I faced a very similar issue (if not exactly the same) on Linux Mint 19 (Tara). I've managed to solve it by combining 3 different pieces of information. It seems to all be related to recent changes with systemd-resolved.
First, yes I've needed to configure /etc/nsswitch.conf as you did and would expect. As long as dns comes before mdns you should be good. I ended with simply:
hosts: files dns myhostname
ref: https://unix.stackexchange.com/a/457172/271210
Prior to upgrading to this version of Mint, this is the only thing I needed to do. Now I also ended up making the below two other changes to get it working...
After that I've configured my search domain so systemd-resolved would work as I wanted. So I've edited the file /etc/systemd/resolved.conf, the Domains setting under the [resolve] section. In my case it ended up looking like:
[Resolve]
#DNS=
#FallbackDNS=
Domains=trilliant.local
#LLMNR=no
#MulticastDNS=no
#DNSSEC=no
#Cache=yes
#DNSStubListener=yes
ref: https://askubuntu.com/a/1031271/872881
I've also changed the avahi configuration to something else ("mdns" if I remember correctly, but it doesn't matter). It shouldn't be required however from my understanding. Just adding for completeness.

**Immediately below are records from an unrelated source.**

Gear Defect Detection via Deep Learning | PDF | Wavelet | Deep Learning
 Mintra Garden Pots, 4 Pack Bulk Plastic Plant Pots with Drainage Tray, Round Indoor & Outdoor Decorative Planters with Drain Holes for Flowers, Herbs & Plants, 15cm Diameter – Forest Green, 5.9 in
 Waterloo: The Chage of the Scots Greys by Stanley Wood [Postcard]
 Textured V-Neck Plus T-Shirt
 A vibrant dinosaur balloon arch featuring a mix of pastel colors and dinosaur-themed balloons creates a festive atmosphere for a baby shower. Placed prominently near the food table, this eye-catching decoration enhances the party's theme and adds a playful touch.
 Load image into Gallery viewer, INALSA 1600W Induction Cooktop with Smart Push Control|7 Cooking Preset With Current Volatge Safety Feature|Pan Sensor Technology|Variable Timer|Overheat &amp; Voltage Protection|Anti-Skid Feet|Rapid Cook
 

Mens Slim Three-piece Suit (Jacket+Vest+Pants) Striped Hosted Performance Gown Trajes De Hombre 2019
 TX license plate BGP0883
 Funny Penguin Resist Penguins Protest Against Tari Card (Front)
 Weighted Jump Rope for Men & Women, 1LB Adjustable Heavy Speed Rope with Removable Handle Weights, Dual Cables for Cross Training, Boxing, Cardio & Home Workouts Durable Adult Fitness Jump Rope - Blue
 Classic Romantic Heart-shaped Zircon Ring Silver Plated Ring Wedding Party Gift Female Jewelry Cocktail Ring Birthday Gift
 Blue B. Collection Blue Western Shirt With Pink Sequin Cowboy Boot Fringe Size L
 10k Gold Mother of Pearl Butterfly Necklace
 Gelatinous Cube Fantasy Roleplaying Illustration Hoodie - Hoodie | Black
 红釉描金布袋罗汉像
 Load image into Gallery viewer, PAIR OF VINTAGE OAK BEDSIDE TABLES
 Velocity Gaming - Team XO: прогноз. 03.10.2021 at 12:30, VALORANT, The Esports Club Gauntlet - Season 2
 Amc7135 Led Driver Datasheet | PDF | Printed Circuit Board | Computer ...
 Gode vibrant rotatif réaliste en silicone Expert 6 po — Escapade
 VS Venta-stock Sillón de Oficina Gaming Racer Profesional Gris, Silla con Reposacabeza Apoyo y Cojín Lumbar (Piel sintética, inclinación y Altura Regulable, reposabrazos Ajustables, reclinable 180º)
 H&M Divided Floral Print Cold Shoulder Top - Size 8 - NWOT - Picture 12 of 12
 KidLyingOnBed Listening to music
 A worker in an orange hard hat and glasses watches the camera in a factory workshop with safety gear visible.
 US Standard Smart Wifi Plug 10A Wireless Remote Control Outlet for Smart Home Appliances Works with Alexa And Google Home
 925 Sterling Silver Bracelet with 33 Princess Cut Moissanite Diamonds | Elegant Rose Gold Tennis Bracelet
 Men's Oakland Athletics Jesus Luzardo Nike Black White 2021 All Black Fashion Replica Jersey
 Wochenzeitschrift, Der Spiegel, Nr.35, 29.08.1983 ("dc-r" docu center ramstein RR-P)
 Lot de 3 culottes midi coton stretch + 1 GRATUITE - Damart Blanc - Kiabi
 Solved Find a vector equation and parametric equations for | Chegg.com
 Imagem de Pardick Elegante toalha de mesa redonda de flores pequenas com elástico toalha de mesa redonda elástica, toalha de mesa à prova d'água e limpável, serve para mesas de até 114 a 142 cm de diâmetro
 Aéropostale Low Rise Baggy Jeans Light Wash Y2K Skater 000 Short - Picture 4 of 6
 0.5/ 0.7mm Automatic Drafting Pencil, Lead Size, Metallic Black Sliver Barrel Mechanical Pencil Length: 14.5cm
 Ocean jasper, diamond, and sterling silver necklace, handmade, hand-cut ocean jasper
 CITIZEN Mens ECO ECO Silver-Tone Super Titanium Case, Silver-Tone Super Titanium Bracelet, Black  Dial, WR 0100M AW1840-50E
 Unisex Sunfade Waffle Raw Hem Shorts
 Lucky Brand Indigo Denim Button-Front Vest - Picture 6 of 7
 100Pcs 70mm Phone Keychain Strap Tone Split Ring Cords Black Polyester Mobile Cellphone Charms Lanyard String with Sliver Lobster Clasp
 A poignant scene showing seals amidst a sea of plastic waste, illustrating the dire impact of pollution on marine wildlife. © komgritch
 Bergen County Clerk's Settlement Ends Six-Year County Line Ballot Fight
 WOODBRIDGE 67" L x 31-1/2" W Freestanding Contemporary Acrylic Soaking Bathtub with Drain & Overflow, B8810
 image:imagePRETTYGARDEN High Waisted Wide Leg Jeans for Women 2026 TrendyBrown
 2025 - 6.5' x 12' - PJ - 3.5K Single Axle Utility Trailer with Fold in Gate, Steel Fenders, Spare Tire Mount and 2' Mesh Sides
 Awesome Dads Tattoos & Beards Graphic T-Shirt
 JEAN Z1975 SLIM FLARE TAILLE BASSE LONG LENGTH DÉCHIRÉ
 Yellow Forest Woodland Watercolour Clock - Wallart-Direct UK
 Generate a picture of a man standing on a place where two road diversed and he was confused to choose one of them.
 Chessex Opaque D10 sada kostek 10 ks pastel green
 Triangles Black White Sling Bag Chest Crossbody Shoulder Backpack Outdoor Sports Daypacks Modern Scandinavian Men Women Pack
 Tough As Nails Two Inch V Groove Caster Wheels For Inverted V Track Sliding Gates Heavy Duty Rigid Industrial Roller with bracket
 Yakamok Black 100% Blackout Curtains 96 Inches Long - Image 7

But none of it worked until I've called the following:
sudo ln -sf /run/systemd/resolve/resolv.conf /etc/resolv.conf
ref: https://askubuntu.com/a/938703/872881
After calling this, everything started working perfectly and as expected!
So it's possible I didn't really need to change the /etc/systemd/resolved.conf file but I kept this change since it made sense and allows me to only type a machine's name, without the complete FQDN, for DNS resolution to work.
For me working way for Ubuntu 18.04 is:
Edit avahi conf:
sudo vim /etc/avahi/avahi-daemon.conf
and change .local to .alocal :
[server]
domain-name=.alocal
then, open resolved.conf:
sudo vim /etc/systemd/resolved.conf
and uncomment and edit Domains:
[Resolve]
...
Domains=yourdomain.local
...
and finally restart services:
sudo service systemd-resolved restart
sudo service avahi-daemon restart
What worked for me was adding the local DNS as a nameserver to /etc/resolvconf/resolv.conf.d/head
(as described here).
-
Install the resolvconf package.
sudo apt install resolvconf
-
Edit
/etc/resolvconf/resolv.conf.d/head
and add the following:nameserver 8.8.4.4 nameserver 8.8.8.8
-
Restart the resolvconf service.
sudo service resolvconf restart
The fix should be permanent.
For 20.04:
- I updating dns to use a local dns server (gnome 'wired settings' config)
- I adding local domain in:
/etc/systemd/resolved.conf
&Domains=domain.local
- Then restarted the service:
service systemd-resolved restart
Thanks for this thread helping me get this working.